How is everyone doing this weekend? I had a good night out at our works do, and thankfully the food was quite healthy, the dessert wasn't but was so horrible I couldn't eat it (and those of you who know me will know that this means it was completely inedible) And I managed to stay off the alcohol as well!

Work today, Saturday and I have brought my lunch. I have even made a picnic lunch for Sunday, as I will be going out on my own for a walking and museum day in Manchester.

Sunday is also treat day, but not sure what my treat will be yet!


----------



## middie (Jan 15, 2005)

i went and got my workout in before work today.
loat another pound. did really good yesterday
because it was my bf's grandmother's birthday.
guess who avoided the cake? that's right it was
me. i'm so proud of myself.


----------



## kyles (Jan 15, 2005)

A big well done here from a fellow cake addict!!!!


----------



## middie (Jan 15, 2005)

thank you thank you *curtsy*
lol

and awesome job avoiding alcohol kyles *applaude*


----------



## pdswife (Jan 15, 2005)

So far so good.. 
Just had my reg morning coffee.

I'll have a bowl of left over soup for lunch.

Paul wants  deep fried squid for dinner....  but, I'll just
have a few.

Any one know a "skinny" dipping sauce for them?


----------



## buckytom (Jan 15, 2005)

saturday is my pig out day. ya gotta have 1 day a week not to worry or think about dieting. besides, there is catered food all over the building for football coverage. so far i've had:
for breakfast, about 6 slices of bacon, 2 pieces of french toast, tater tots, and grapefruit juice.
for lunch, a chicken pot pie, salad, a brownie, and ginger ale.
goin to whole foods to get something for dinner.

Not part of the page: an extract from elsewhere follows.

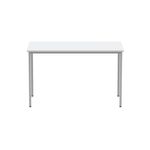 Astin Rectangular Multipurpose Table 1200x600x730mm Arctic White/Silver KF77740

tomorrow, i'm going to try to set up the exercise bike and weights, and get to working out again. hopefully...


----------



## pdswife (Jan 15, 2005)

buckytom said:
			
		

> saturday is my pig out day. ya gotta have 1 day a week not to worry or think about dieting. besides, there is catered food all over the building for football coverage. so far i've had:
> for breakfast, about 6 slices of bacon, 2 pieces of french toast, tater tots, and grapefruit juice.
> for lunch, a chicken pot pie, salad, a brownie, and ginger ale.
> goin to whole foods to get something for dinner.
> ...



Bacon and French toast sounds really good!  Enjoy your day!


----------



## buckytom (Jan 15, 2005)

thanks pdswife, right back atcha! i really gotta start exercising again. i can actually feel the stress and lack of sleep taking it's toll on my heart. and i have a little 25 pound reason to stay healthy now...


----------



## pdswife (Jan 15, 2005)

Get that bike out and start counting the miles!!

I wish I had one....


----------



## wasabi (Jan 15, 2005)

*Middie, such willpower! I love cake. Good girl!

Bucky, yes we must have ONE day of regular food.

I am one week behind you guys, Been sick all week,but did not lose my appetite    I did not lose or gain last week.

Everyone who stayed the course........so proud of you!*


----------